Songwriters and musicians grow accustomed to reading distorted, if not entirely erroneous, articles about what we do. Not here at American Songwriter, of course. But that is our focus. Yet in less musical-oriented publications, crazy misinformation reigns.

It’s not that songwriting is that tough to understand, yet it remains a source of perpetual confusion. Music can be perplexing for a non-musician, so some lack of knowledge is understandable. But sometimes what is published is not just wrong, it’s strange.

Such is very much the case with “The Richest Songwriters Of All Time,” in Investing.com. A financial site, it is focused on the main aspect of songwriting considered most important: Just how rich are the richest songwriters?

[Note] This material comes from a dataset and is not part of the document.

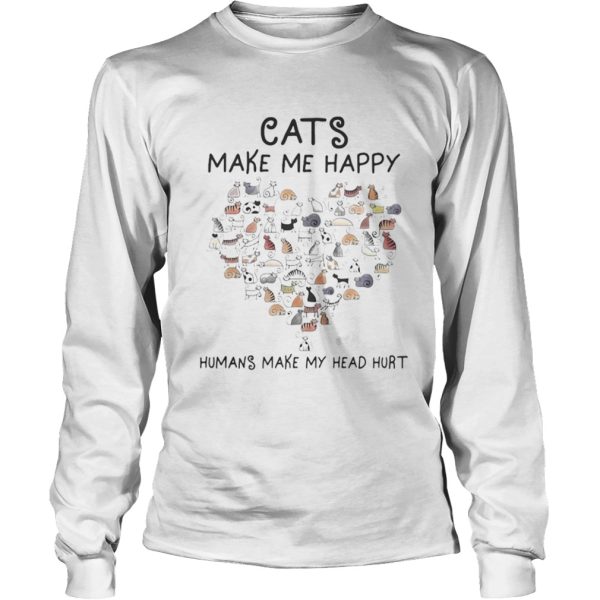 Cats Make Me Happy Humans Make My Head Hurt Heart Cat shirt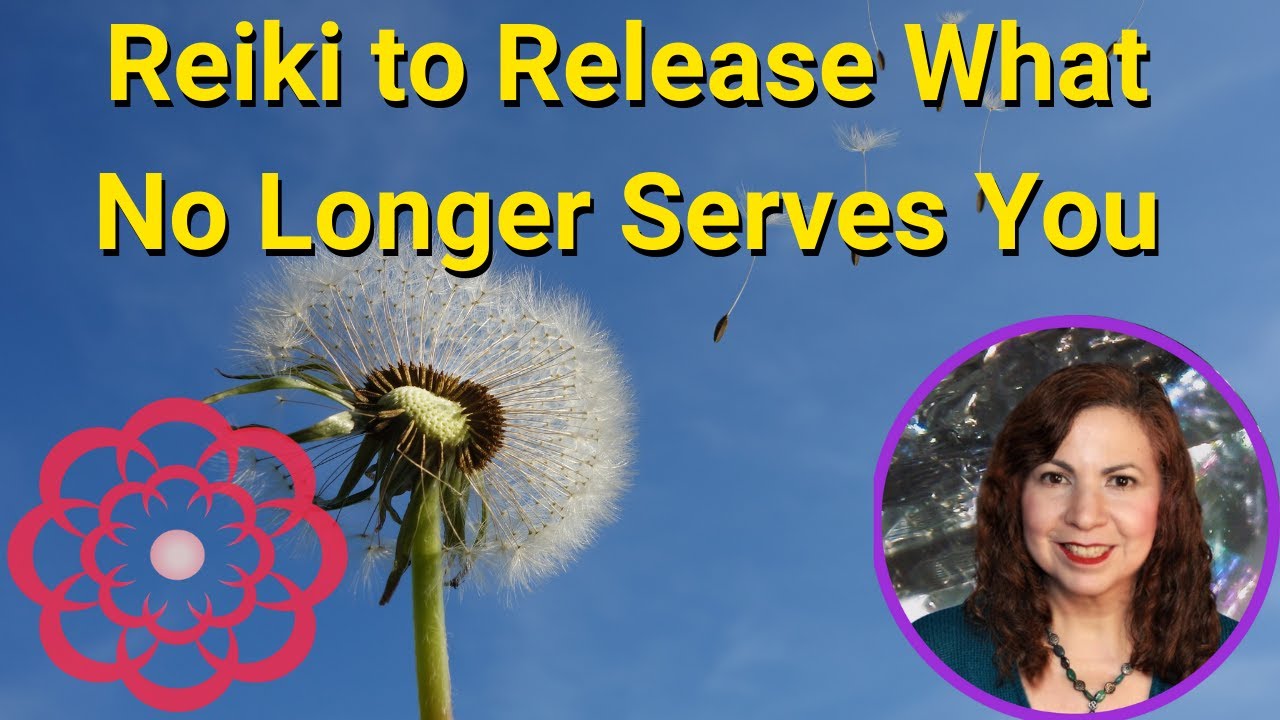 Reiki to Release What No Longer Serves You 💮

There are many stories on this very topic, yet almost each one gets hung up on the question of if all singers write their own songs. That this is still an issue in question at all seems surprising, yet it’s prevalent. The Internet, with the potential to provide people with all the knowledge needed so as to lessen misinformational confusion, has done the exact opposite. Such an expansive glut of bizarre distortions, false assumptions and erroneous ideas are published every hour that people are more mixed-up than ever.

This story was by Audrey Kyanova (also spelled Kyanov here, perhaps a red flag), and opens with admitted confusion about songwriters. From there is gets into stuff that is wrong and then just weird. 

It opens with a false assumption, and goes from there:

“One common assumption we make is that the person who sings a song must be the same person who wrote it.”

Who exactly is she speaking for who makes this assumption? The misinformed?

Then she shares with us the fruit of her research, which led her, naturally, to: “the iconic, meme-worthy feud between rappers Drake and Meek Mill.

Iconic? Perhaps she’s using iconic in an ironic way?

It was a famous hip-hop feud over whether Drake wrote his own songs, or hired miniature Drakes to do the real work. In this conflict she saw the light:

Songwriters and singers aren’t always one in the same.”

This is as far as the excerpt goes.